If you want incredible price appreciation over the next three years while getting great income, here are two must-buy dividend stocks in September 2020.
A&W Revenue Royalties Income Fund
A&W Revenue Royalties Income Fund (TSX:AW.UN) has 971 A&W restaurants across Canada in its royalty pool. Specifically, it earns royalties of 3% from the gross sales of the restaurants.
In turn, it pays a big portion of that as dividends to unitholders. Investors should note that A&W non-eligible dividends tend to have a higher tax rate than eligible Canadian dividends that most investors are used to. Therefore, holding the shares in an TFSA, RRSP, RESP, or RDSP may be more suitable.
Some of the A&W locations were closed due to COVID-19 impacts. At the peak, almost 24% of the restaurants were forced to be closed! Thankfully, near the end of July, only 2% of all locations were temporarily closed.
Therefore, A&W royalties were the hardest hit in Q2, and the fund was forced to suspend cash distributions for three months from April to June.
As soon as A&W’s royalty levels were on their way to recovery by Q3, it started paying dividends again. Currently, the monthly cash distribution is $0.10 per unit (or an annualized payout of $1.20), which equates to a decent yield of 4.2%.
Going forward, its cash flow (and dividends) will rely on government restrictions as needed to prevent the spread of the virus. However, a reversion to the mean over the next few years would translate to upside of more than 36% and a yield on cost of 6.8% based on the recent quotation of $28.25 per unit.
H&R REIT
H&R REIT (TSX:HR.UN) is another company, which had massive impacts from the pandemic and saw a meaningful cut in its cash flow. This resulted in the diversified REIT prudently halving its dividend in May. Its current cash distribution translates to an annualized payout of $0.69 per unit and a dividend yield of almost 6.6%.
H&R REIT’s rent collection last month was 87%, helped by strong collections of 99%, 90%, and 97%, respectively, from its office, residential, and industrial portfolios. They contribute to roughly 44%, 16%, and 6% of its rents.
The REIT’s retail assets were the most impacted by the pandemic. Last month, it collected 71% of the rent in its retail portfolio, which contributes to a third of its rent.
Its cash flow (and dividends) will be dependent on the development of the virus situation.
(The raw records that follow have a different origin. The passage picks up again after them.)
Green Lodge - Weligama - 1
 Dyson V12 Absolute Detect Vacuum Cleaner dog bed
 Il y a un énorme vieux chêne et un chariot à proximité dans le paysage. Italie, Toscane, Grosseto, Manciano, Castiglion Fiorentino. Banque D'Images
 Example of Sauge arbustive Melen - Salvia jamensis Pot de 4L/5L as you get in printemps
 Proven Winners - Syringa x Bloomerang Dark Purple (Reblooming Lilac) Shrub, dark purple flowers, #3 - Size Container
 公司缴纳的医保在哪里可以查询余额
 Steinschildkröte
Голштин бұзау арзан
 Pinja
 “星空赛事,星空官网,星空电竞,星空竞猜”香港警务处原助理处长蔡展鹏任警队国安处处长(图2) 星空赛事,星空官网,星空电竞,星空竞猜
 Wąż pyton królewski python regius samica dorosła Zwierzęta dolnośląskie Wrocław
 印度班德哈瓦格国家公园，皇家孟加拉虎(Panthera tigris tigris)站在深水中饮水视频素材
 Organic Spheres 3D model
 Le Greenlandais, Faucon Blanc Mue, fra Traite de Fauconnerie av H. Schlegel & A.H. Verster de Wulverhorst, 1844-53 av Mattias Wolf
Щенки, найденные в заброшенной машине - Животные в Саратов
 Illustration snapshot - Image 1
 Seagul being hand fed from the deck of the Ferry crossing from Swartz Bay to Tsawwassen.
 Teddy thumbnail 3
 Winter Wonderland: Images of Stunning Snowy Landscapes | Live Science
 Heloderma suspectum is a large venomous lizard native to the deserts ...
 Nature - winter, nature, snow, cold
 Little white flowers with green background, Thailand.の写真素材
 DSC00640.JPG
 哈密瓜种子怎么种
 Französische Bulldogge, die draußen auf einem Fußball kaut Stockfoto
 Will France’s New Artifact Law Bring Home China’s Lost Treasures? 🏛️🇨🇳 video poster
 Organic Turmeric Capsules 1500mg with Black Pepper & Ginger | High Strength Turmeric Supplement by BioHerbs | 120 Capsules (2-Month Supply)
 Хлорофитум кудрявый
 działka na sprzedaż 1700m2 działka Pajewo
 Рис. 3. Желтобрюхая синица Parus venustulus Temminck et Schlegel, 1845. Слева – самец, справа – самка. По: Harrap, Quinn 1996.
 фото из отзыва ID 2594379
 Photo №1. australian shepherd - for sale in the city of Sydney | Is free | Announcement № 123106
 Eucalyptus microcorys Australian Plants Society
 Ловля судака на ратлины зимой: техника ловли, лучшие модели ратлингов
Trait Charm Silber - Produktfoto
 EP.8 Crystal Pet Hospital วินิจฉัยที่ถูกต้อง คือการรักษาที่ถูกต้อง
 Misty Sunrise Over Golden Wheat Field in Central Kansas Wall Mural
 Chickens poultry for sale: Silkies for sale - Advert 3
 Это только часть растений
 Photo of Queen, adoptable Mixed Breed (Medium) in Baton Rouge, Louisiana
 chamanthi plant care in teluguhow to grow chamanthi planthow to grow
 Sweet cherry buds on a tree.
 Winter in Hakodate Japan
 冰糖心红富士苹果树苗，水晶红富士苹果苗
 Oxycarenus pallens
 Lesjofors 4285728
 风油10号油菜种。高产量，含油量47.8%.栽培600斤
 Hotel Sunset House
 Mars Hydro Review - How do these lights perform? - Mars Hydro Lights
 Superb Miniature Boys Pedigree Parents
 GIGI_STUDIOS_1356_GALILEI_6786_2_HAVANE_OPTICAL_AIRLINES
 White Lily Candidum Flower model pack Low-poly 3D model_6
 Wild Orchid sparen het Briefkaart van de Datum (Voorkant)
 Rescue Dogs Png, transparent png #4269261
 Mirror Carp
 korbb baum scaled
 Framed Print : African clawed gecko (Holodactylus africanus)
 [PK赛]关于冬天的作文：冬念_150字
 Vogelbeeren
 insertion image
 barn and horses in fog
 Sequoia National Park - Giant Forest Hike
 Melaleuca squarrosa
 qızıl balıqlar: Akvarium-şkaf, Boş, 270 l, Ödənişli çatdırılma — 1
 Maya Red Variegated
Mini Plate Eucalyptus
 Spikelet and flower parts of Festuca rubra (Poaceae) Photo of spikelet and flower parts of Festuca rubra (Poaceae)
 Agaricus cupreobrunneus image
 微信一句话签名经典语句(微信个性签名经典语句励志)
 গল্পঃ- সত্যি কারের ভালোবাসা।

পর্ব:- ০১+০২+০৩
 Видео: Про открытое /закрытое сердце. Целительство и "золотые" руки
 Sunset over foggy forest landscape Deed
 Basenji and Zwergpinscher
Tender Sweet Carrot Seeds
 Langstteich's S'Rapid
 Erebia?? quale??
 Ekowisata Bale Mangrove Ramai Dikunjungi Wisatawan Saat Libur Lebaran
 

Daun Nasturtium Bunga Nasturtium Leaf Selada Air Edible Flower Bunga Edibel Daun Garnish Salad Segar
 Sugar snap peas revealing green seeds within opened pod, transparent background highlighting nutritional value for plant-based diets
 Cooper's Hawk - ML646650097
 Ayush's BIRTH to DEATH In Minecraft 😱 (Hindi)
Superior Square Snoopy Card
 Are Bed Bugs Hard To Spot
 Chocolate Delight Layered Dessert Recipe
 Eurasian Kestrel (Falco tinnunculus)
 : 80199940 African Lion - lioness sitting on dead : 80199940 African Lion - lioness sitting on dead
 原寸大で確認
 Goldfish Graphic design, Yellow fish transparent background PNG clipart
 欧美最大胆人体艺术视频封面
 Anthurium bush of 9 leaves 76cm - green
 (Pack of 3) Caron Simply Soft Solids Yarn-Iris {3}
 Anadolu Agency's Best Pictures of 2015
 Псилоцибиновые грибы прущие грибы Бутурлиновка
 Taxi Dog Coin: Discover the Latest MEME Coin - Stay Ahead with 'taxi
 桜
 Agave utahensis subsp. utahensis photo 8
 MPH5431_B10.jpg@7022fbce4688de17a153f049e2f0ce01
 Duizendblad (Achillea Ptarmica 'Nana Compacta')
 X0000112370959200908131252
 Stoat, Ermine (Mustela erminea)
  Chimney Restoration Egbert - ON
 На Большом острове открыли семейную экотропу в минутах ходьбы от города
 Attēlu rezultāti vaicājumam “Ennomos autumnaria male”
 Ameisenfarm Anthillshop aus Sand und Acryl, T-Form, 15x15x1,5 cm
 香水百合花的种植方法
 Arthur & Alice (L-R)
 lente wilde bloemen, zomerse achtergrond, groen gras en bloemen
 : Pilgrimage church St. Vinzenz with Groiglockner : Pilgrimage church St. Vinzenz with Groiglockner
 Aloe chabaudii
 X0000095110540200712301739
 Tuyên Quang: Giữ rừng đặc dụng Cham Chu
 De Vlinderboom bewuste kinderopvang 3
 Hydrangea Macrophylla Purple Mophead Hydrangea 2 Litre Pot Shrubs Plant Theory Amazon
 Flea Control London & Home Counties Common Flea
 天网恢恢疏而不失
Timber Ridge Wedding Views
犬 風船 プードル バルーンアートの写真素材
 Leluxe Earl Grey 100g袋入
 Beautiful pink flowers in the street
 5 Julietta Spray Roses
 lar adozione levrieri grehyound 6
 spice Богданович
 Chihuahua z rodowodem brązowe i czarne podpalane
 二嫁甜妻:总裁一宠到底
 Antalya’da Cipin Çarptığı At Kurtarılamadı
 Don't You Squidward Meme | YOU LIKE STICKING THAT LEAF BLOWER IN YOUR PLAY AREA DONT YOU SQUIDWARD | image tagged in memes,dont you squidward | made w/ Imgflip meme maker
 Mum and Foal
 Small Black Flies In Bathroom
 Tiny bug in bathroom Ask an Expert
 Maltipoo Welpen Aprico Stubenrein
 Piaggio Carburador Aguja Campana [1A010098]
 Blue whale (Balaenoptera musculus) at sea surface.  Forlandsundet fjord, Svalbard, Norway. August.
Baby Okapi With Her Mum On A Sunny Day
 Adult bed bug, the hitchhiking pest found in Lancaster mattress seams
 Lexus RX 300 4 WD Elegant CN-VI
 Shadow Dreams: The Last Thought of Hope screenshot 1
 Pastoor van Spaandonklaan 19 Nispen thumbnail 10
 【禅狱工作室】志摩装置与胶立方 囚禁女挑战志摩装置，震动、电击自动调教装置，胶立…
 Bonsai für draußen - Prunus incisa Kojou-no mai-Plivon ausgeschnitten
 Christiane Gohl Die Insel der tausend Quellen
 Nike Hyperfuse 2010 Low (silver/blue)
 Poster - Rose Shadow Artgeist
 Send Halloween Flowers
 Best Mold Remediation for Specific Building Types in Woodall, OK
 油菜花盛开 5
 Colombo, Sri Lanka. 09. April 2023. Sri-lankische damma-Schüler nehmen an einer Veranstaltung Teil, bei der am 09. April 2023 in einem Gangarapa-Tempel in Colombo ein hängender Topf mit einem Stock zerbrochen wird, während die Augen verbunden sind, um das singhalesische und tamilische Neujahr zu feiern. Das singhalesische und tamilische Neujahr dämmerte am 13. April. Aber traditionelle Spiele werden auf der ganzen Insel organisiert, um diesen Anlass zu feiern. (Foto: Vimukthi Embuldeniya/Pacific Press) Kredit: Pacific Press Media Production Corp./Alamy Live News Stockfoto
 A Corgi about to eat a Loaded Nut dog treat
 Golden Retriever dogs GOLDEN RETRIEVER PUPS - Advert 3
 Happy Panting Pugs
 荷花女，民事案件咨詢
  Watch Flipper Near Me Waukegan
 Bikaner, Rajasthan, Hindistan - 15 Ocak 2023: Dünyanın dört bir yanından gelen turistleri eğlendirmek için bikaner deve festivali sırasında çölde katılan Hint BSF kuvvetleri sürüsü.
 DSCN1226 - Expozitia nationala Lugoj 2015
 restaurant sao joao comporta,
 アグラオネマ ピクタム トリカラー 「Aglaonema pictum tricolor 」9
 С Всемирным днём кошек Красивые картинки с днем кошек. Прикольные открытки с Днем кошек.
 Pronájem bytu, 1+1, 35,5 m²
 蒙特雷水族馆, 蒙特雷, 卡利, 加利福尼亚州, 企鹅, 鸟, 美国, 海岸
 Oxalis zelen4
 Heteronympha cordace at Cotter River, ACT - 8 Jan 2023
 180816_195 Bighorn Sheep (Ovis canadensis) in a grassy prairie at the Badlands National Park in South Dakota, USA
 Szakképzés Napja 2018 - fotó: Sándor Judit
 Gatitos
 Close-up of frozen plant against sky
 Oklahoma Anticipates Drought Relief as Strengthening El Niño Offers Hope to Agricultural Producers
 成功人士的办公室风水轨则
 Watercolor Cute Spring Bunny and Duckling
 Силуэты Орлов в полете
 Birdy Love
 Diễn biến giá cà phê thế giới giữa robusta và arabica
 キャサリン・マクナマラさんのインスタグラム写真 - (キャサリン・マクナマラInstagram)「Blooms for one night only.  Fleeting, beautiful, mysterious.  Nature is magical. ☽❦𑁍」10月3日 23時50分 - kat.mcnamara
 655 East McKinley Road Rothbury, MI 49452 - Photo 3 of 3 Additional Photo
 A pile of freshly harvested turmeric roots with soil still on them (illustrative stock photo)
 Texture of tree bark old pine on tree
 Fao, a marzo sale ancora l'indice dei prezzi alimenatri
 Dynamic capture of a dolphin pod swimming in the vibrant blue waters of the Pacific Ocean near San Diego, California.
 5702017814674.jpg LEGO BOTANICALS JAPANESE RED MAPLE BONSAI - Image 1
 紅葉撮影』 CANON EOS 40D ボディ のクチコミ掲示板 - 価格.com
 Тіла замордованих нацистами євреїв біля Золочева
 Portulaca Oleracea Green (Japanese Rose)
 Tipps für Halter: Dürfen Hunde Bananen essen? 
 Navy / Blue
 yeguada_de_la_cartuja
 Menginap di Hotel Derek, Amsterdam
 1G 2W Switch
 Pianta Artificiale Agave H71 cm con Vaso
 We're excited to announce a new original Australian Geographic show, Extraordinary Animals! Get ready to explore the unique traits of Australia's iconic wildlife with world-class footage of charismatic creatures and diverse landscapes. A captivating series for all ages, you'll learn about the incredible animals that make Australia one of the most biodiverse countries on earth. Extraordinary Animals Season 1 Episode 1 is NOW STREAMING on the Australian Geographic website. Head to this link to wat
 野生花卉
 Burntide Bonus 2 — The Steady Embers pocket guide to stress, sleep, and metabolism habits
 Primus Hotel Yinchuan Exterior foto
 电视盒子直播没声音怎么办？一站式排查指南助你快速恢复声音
Upside of more than 90% and a yield on cost of about 13%, based on the recent quotation of $10.53 per unit, is possible on a reversion to the mean over the next few years.
The Foolish takeaway
September 2020 is a good time to pick up must-buy dividend stocks A&W Revenue Royalties Income Fund and H&R REIT. If you buy equal dollar amounts in the value stocks, you’ll get an average yield of 5.4% that’s paid as monthly income.
In a few years, there’s a good chance that the yield on cost will jump to 9.9% on a normalization of the businesses. Coupled with higher income is average price appreciation of more than 63%.
For example, an investment of $10,000 ($5,000 in each) will generate annual income of $540 now. In a few years, the $10,000 could turn into $16,300 and generate income of $990!